Return the lines of the data below starting at the one holding "The white flowers" and ending at the one holding "My name is Caitlin, and", word for word, leaving every picture out.

○ ○ ○ ○ ○ ○ ○

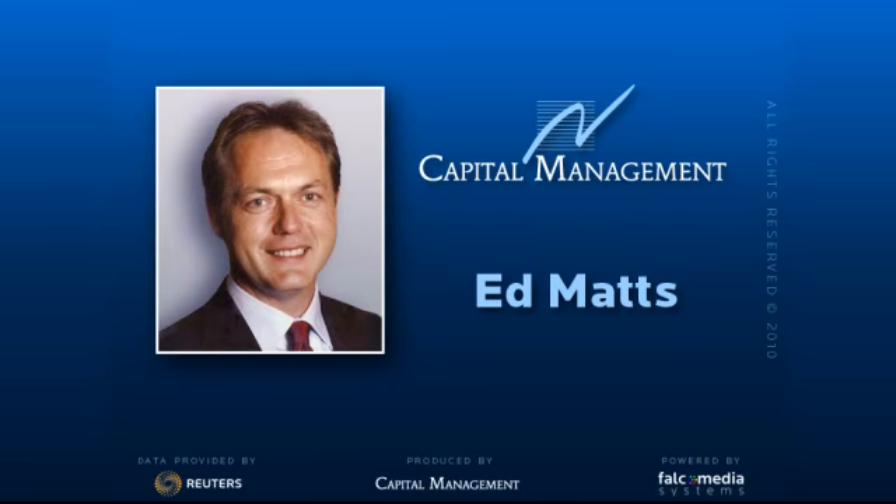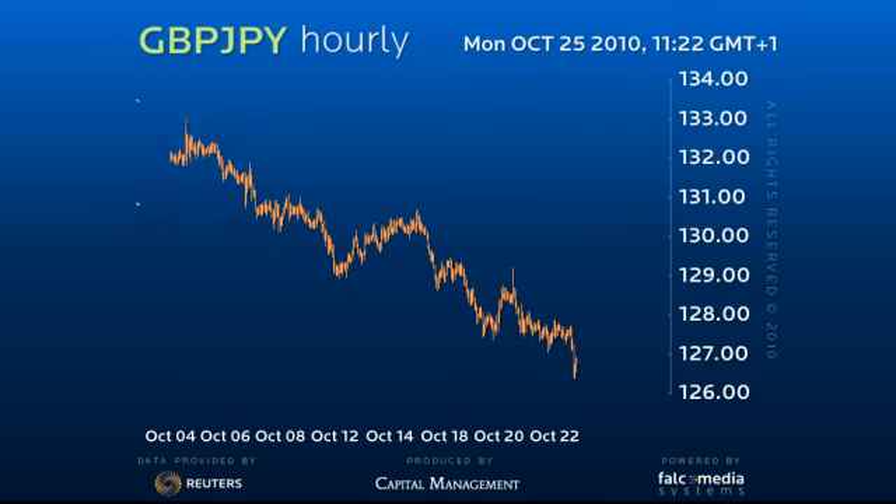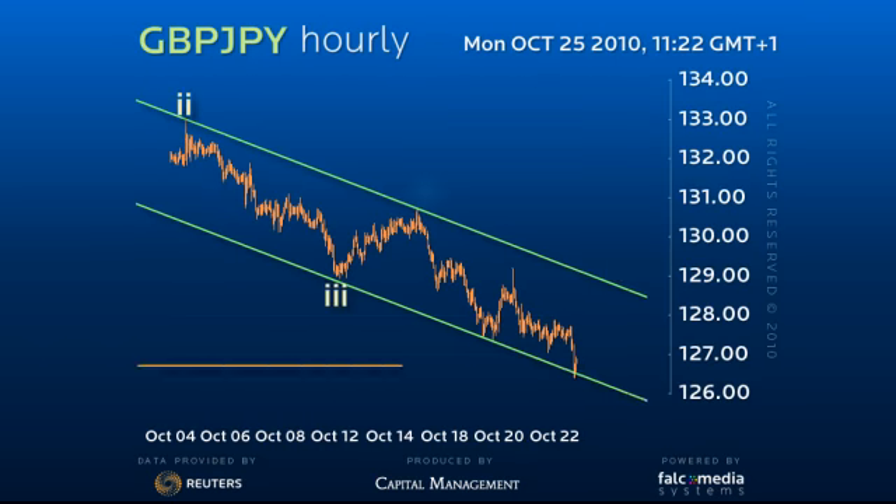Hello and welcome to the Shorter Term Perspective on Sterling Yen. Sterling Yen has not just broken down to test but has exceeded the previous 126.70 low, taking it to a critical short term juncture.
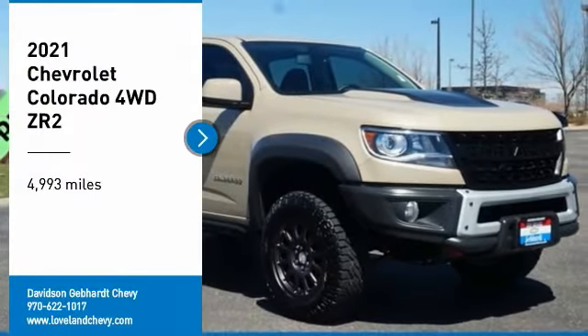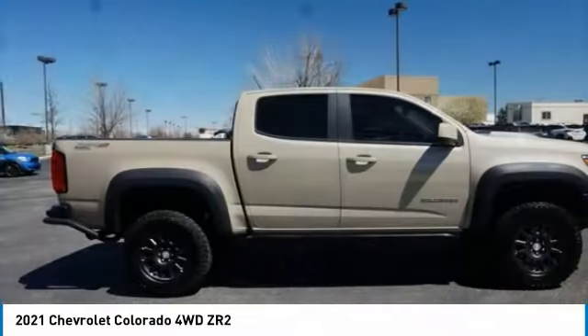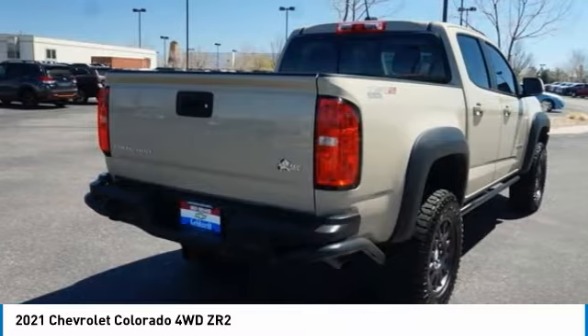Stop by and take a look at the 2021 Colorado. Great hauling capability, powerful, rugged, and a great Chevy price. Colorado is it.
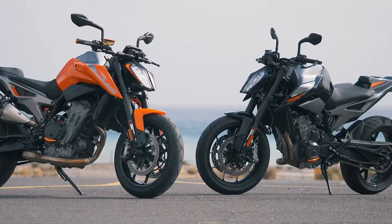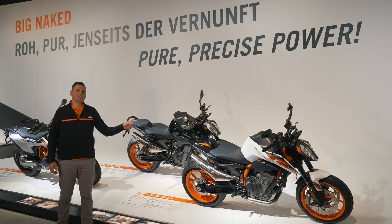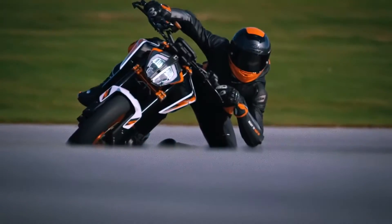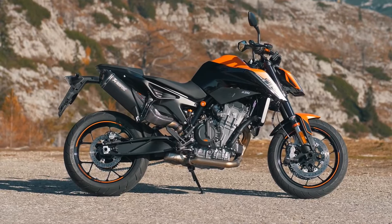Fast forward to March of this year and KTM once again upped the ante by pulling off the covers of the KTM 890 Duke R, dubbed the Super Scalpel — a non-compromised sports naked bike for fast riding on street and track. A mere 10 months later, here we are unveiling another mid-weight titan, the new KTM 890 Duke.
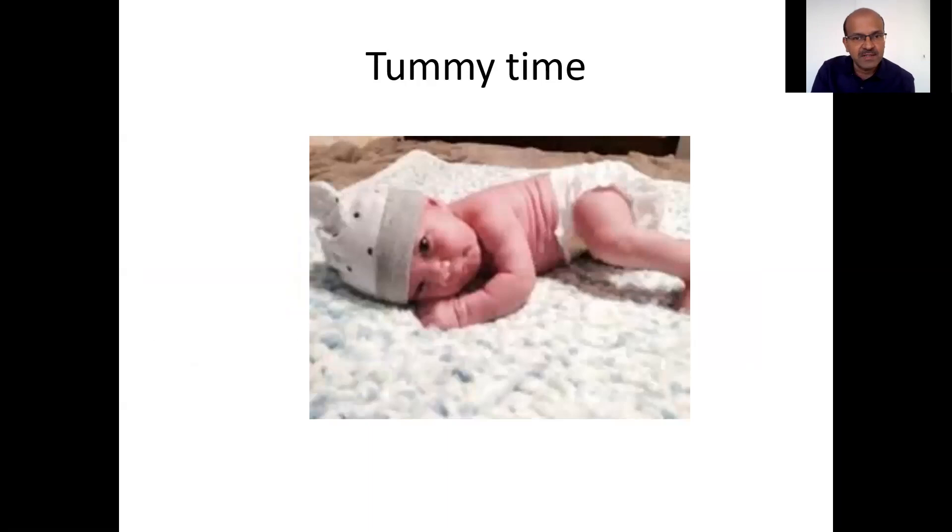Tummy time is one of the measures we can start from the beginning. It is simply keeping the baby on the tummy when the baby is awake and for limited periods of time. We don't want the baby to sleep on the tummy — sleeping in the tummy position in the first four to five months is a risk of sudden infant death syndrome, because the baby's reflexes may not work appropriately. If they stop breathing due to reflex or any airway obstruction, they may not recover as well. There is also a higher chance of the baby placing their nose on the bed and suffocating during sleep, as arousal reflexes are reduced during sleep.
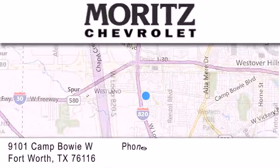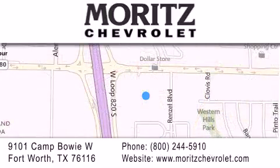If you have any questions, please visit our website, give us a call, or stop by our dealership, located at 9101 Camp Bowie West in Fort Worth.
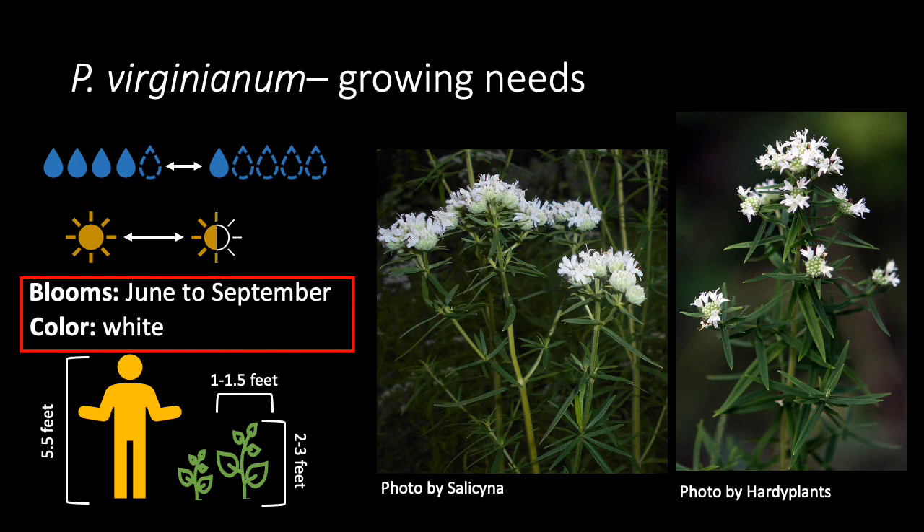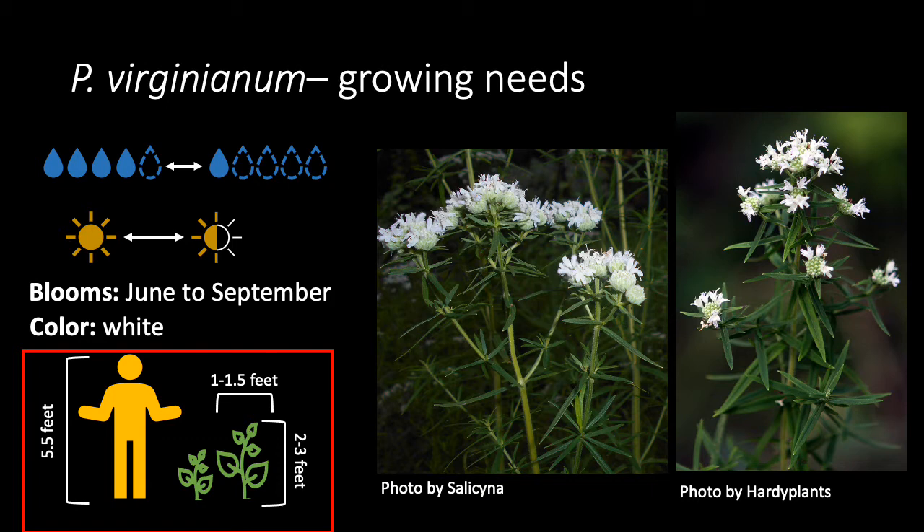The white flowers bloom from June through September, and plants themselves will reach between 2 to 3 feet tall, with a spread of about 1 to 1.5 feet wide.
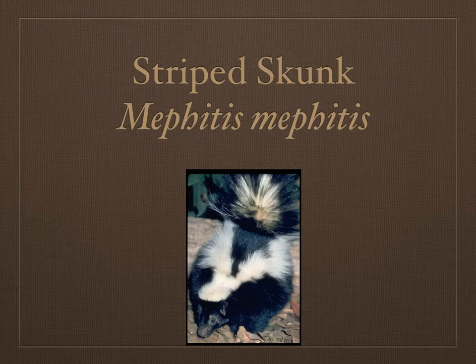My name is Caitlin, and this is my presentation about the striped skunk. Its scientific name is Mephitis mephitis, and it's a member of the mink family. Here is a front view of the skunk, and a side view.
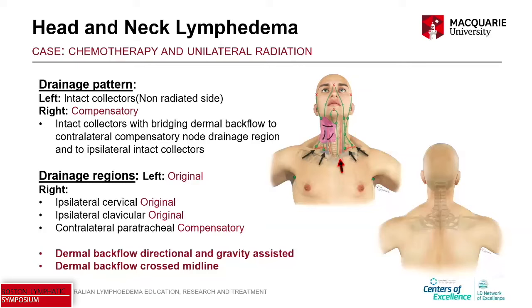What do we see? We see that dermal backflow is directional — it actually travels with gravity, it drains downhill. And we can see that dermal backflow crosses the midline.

○ ○ ○ ○ ○ ○ ○

Answer below>
The white flowers bloom from June through September, and plants themselves will reach between 2 to 3 feet tall, with a spread of about 1 to 1.5 feet wide.
My name is Caitlin, and this is my presentation about the striped skunk. Its scientific name is Mephitis mephitis, and it's a member of the mink family. Here is a front view of the skunk, and a side view.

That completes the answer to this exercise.